The explanation for this startling gap may lie partly in natural selection, and the biological arms race between a pathogen and its host. Within any population, there is genetic variation. Viruses are no different. Some versions of the virus will be very slightly more dangerous to human health – more virulent – others less so. If the conditions are right, the slightly more virulent ones will begin to predominate and cause more damage.

According to this interpretation of the Sweden-Norway discrepancy, it’s not that Sweden has one version of the virus, and Norway another. It’s just that in Sweden conditions have allowed those slightly more virulent variants that already exist in the virus population to flourish. If you want a truly spectacular – if extreme – example of the same mechanism at work, look at the 1918 flu pandemic.

That pandemic killed at least 50 million people, the vast majority of whom died in the second wave – in a mere 13 weeks between September and December 1918 – and though data was even sketchier then, it is considered to have been at least 25 times more lethal than any other flu pandemic in history. The fact that it was so exceptional demands an explanation, and evolutionary biologists have furnished one in the exceptional conditions that prevailed on the western front that summer.

Before I get to that, though, let me take a step back. A pathogen, or disease-causing organism, does not “want” to kill its host. Its only evolutionary goal is to survive and reproduce, and if it has to kill to achieve that aim, then so be it.
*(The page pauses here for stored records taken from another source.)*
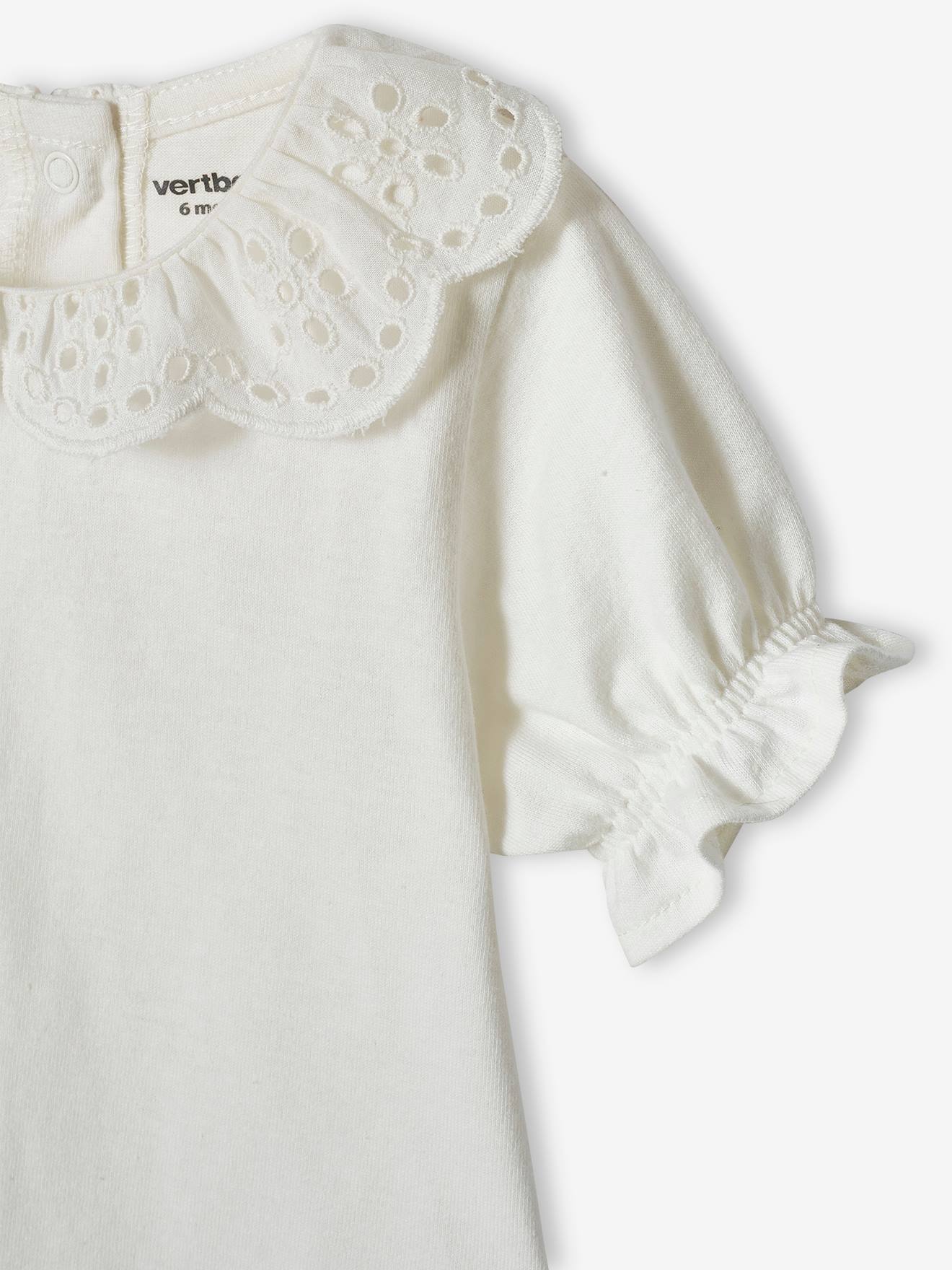 Conjunto de 2 camisetas de manga curta para bebê, rosa maquiagem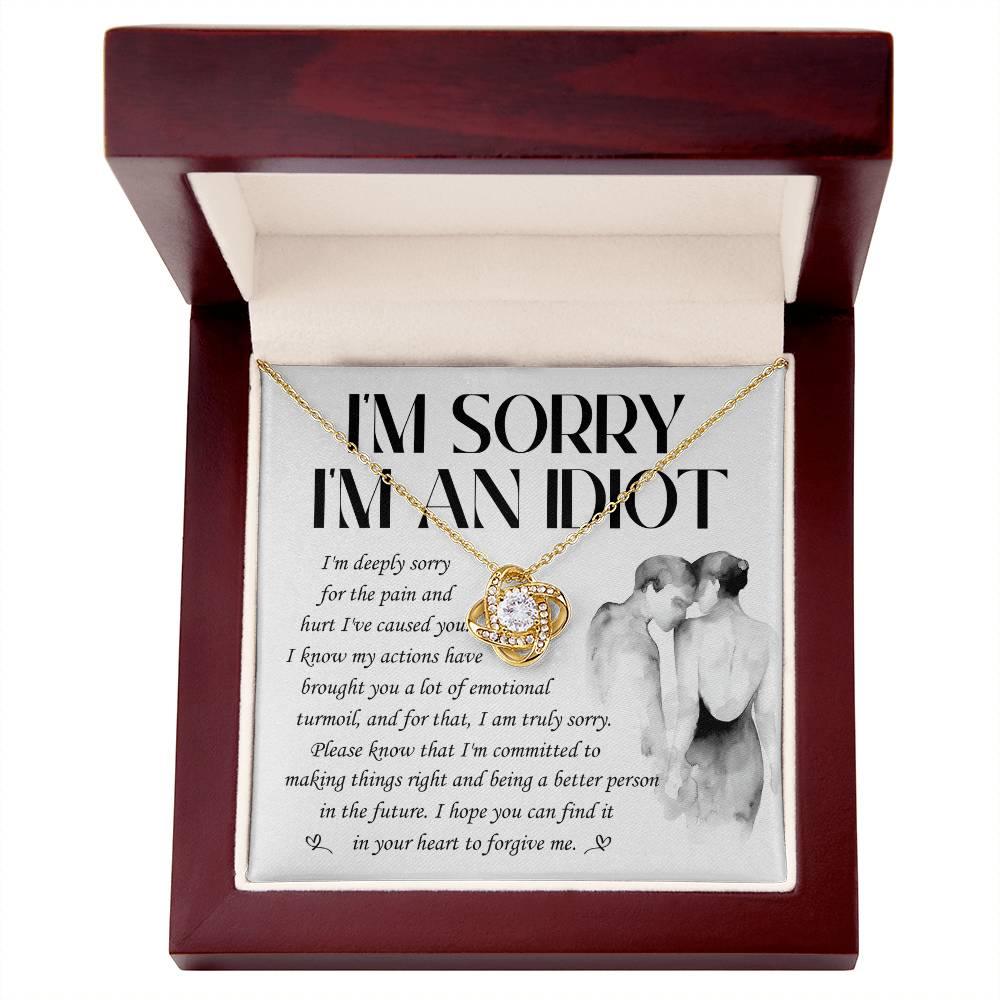 Apology Gift for Girlfriend, Wife, Soulmate - Sorry, Emotional Turmoil - Love Knot Pendant Necklace - Mallard Moon Gift Shop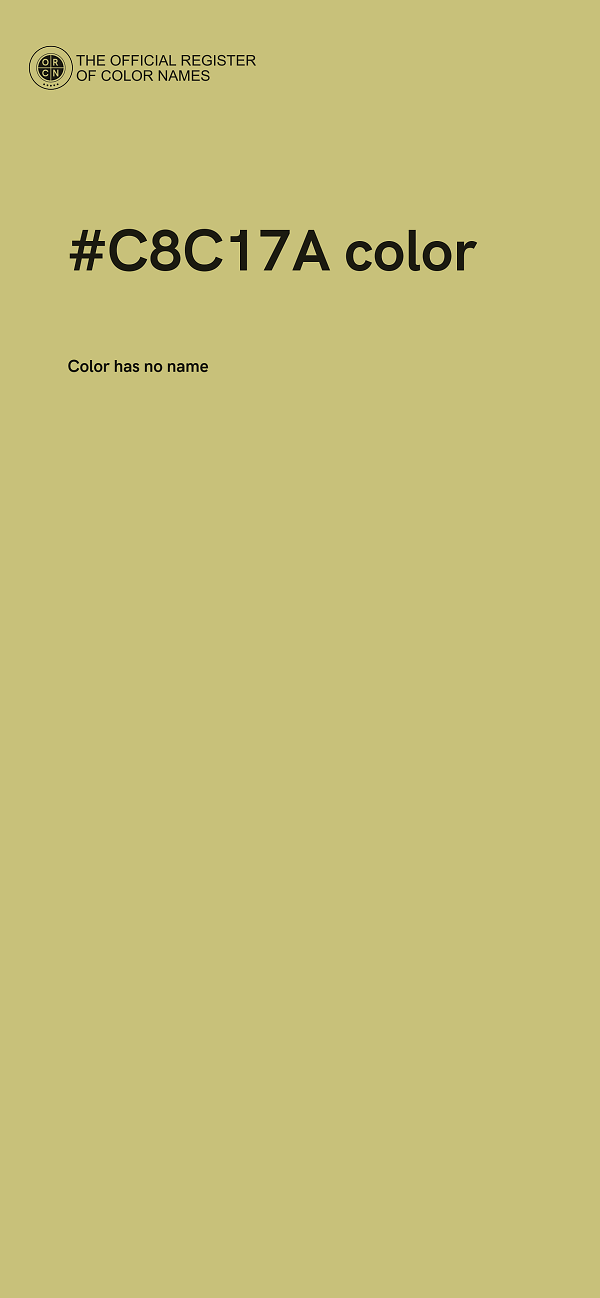#C8C17A color image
It causes harm because it needs its host’s cellular machinery to replicate and transmit to a new host. We feel sick because it’s siphoning off our bodily resources, and because of our own immune response.

When a novel pathogen emerges in humans, having jumped from an animal reservoir, it is not adapted to us. If it is too virulent, it risks immobilising its host through illness or death before it can spread to a new one; not virulent enough, and it’s a weak transmitter – another evolutionary dead end. Scientists have recently demonstrated that a successful pathogen is one that evolves to an intermediate level of virulence, so that it can spread without causing too much damage.

Humans shape that process, because we also adapt to the pathogen. We put roadblocks in its way – in the form of containment measures, vaccines and, eventually, herd immunity. Though host and pathogen are endlessly adjusting to each other, a highly virulent, novel virus that encounters these roadblocks will evolve to become less virulent faster, so that it doesn’t die out before it finds susceptible new hosts.

Back to 1918. The first wave of the pandemic, in the northern hemisphere spring of that year, resembled an ordinary seasonal flu, but when the second wave erupted in August the disease was hardly recognisable. Now its victims were turning blue and suffocating as their lungs filled with fluid. What happened to make that flu virus so much more virulent?

Evolutionary biologist Paul Ewald, of the University of Louisville in Kentucky, has pointed to the close proximity of the men in the trenches, and to the fact that – far from being immobilised – the sick were transported into successive pools of susceptible hosts, from trench to tent to train, and onwards through a series of hospitals.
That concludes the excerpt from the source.